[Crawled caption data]

-=-=-

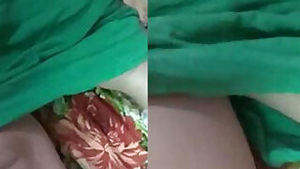 Desi aunty showing pussy and boobs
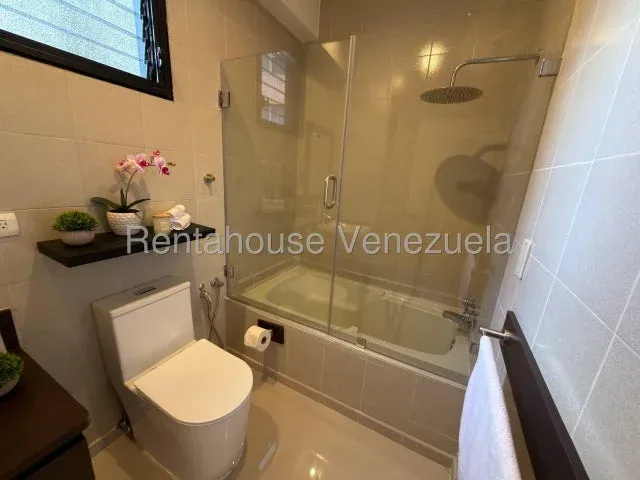 Apartamento venta Increible Los Naranjos de las Mercedes 27-2698 - 11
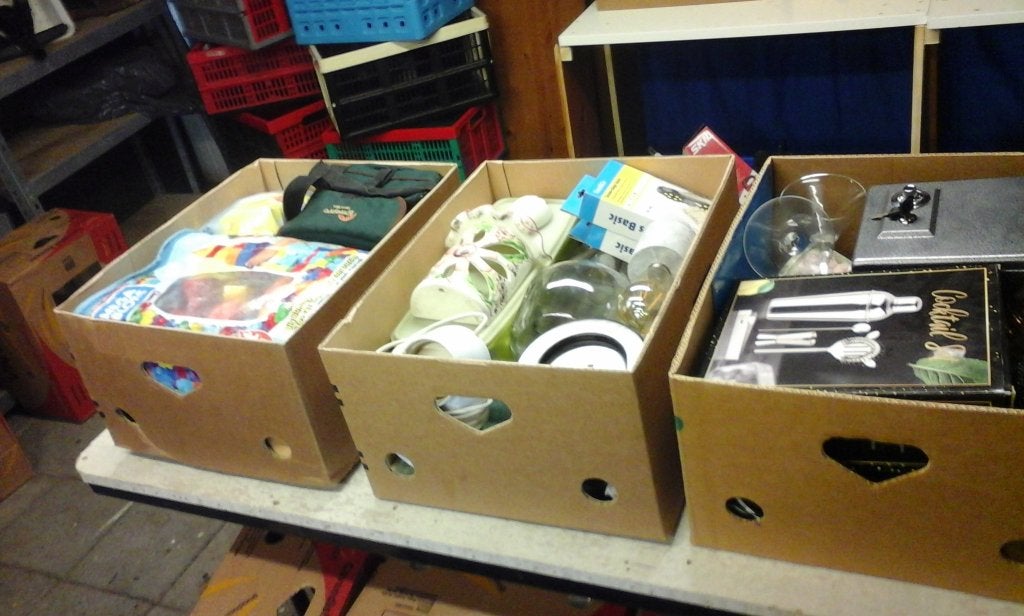 tekoop dozen rommelmarkt spullen en lossen spullen 45 euro, Ophalen, Gebruikt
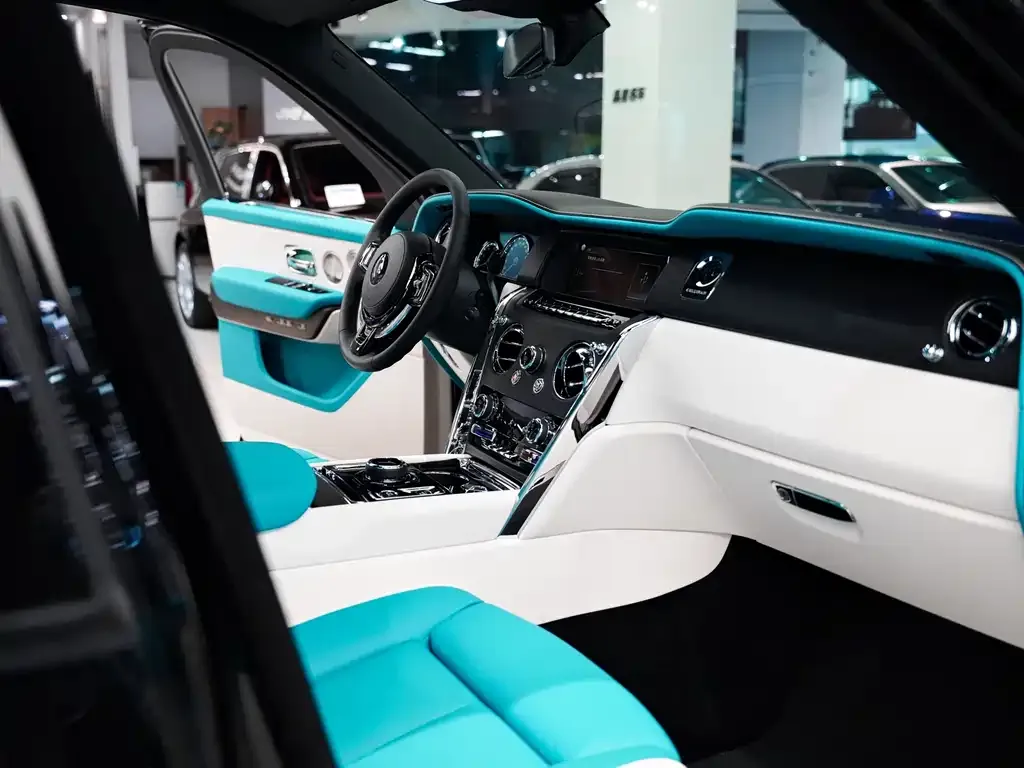 Rolls-Royce Cullinan — фото 10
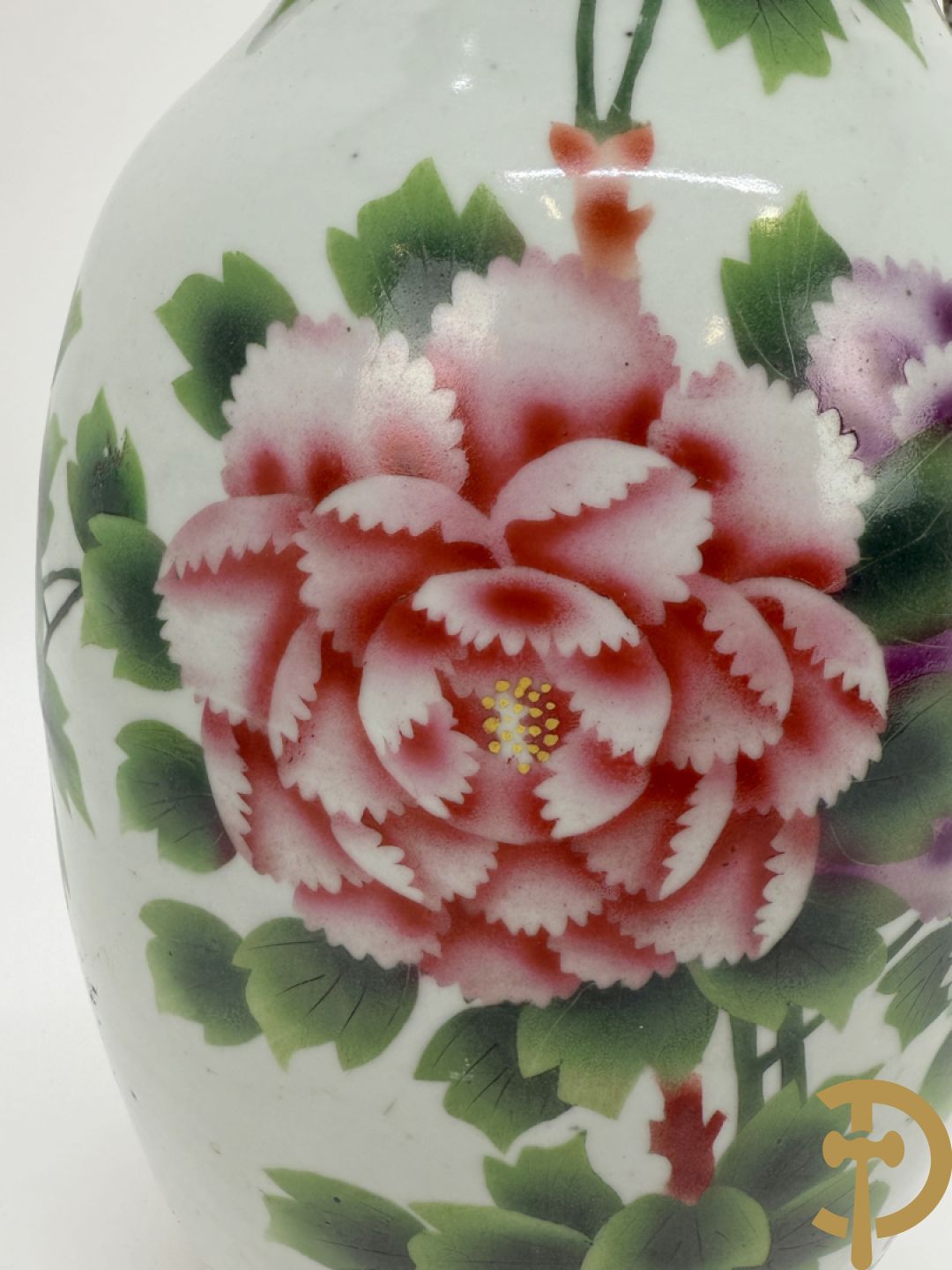 Chinese porseleinen vaas met decor van takken en vogels + Chinese porseleinen vaas met bloemendecor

-=-=-

The lines to copy run from the line containing "Rolls-Royce Cullinan — фото 10" through the end of the data above; copy exactly those, minus the pictures.

 Rolls-Royce Cullinan — фото 10
 Chinese porseleinen vaas met decor van takken en vogels + Chinese porseleinen vaas met bloemendecor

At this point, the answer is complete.